Lee H, Kim SY, Kim DW, Park YS, Hwang JH, Cho S, and Cho JY. SeroHet: Signatures of Interpatient Seroprotein Heterogeneity in Lung, Pancreatic, and Colorectal Cancers. Forthcoming.
SeroHet is a MATLAB-based software to study signatures of interpatient seroprotein heterogeneity in cancer patients.
SeroHet is developed and maintained by Hanjun Lee (MIT/MGH/Broad). SeroHet signatures are also available from here.
SeroHet is implemented in MATLAB. MATLAB version equal to or greater than R2019b is recommended. SeroHet has been tested in Windows, Mac, and Linux environments. Download and decompress the latest stable release of SeroHet to your directory of choice. The current stable release of SeroHet is v.1.2.

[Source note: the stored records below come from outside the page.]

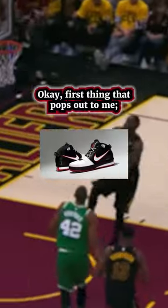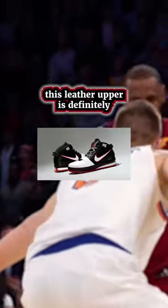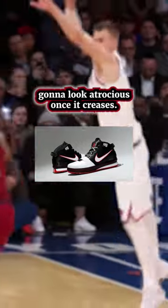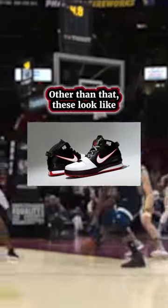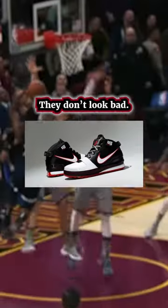Let's rate the Nike LeBron 6. The first thing that pops out to me is this leather upper is definitely gonna look atrocious once it creases — like a sad old granny's. Anyway, that's a downside. Other than that, these look like a generic 2000s basketball sneaker. They don't look bad, actually.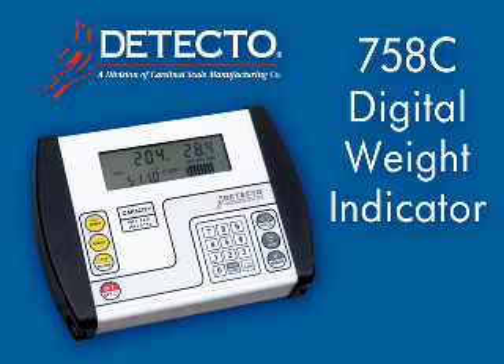This video will explain these functions and show you why the 758C indicator is the perfect choice for scales in hospitals, doctor's offices, weight loss clinics, long-term care facilities, or anywhere accurate weight is required. One of the great features of the 758C is that with all of the incredibly diverse functions it is capable of performing, it can also be used very easily for basic weighing without any learning curve.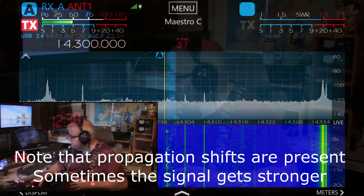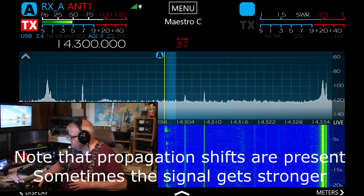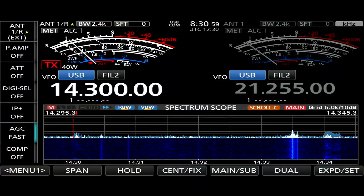We're listening on 14.300 — I think it's the intercon net. Let's see what we can hear. Here is the Flex. Here's the ICOM.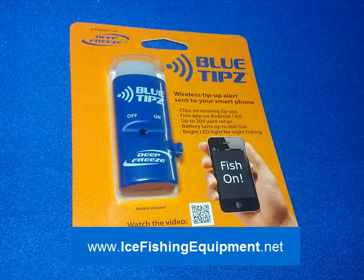Hey, it's Bruce coming to you once again with IceFishingEquipment.net. Our goal is to bring you new products that will save you time, keep you warm, or give you better fishing out on the hard water.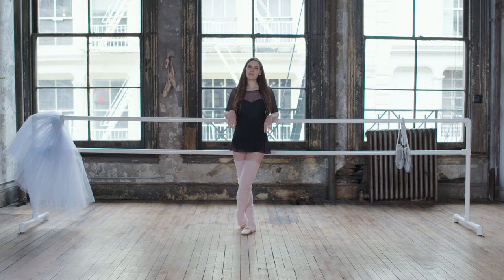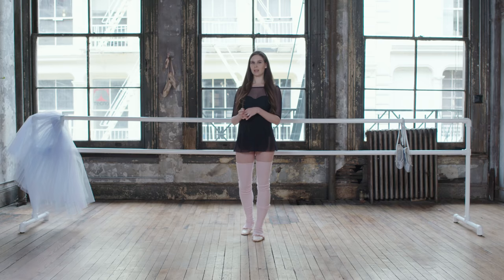Hi, I'm Mary Helen Bowers, founder of Ballet Beautiful, and I'm excited to talk to you today about bar work for Ballet Beautiful and what your proper placement and positioning should be.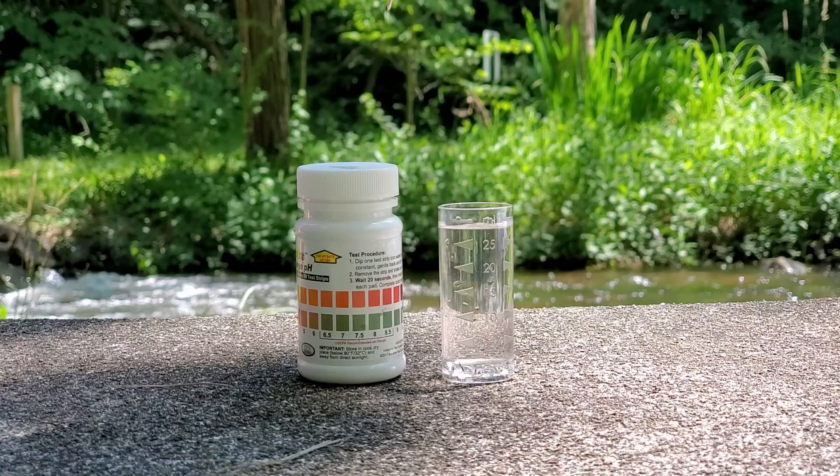Testing for pH has been made easy by using pre-made test strips, much like testing pool water. There are many brands of test strips, but in this case we will use Waterworks brand.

Alternatively, if you have git functionality in your system, you can run the following:
git https://github.com/hanjunlee21/SeroHet.git
SeroHet requires a matrix of seroprotein concentrations. The nomenclature and the unit for seroproteins should follow that of the library. Novel seroprotein may follow the nomenclature and unit of your preference. Data from individuals without cancer should be labeled as "Healthy Control".
SeroHet requires three input files:
- a single tab-delimited .txt file containing the concentrations of each seroprotein (#seroproteins-by-#samples)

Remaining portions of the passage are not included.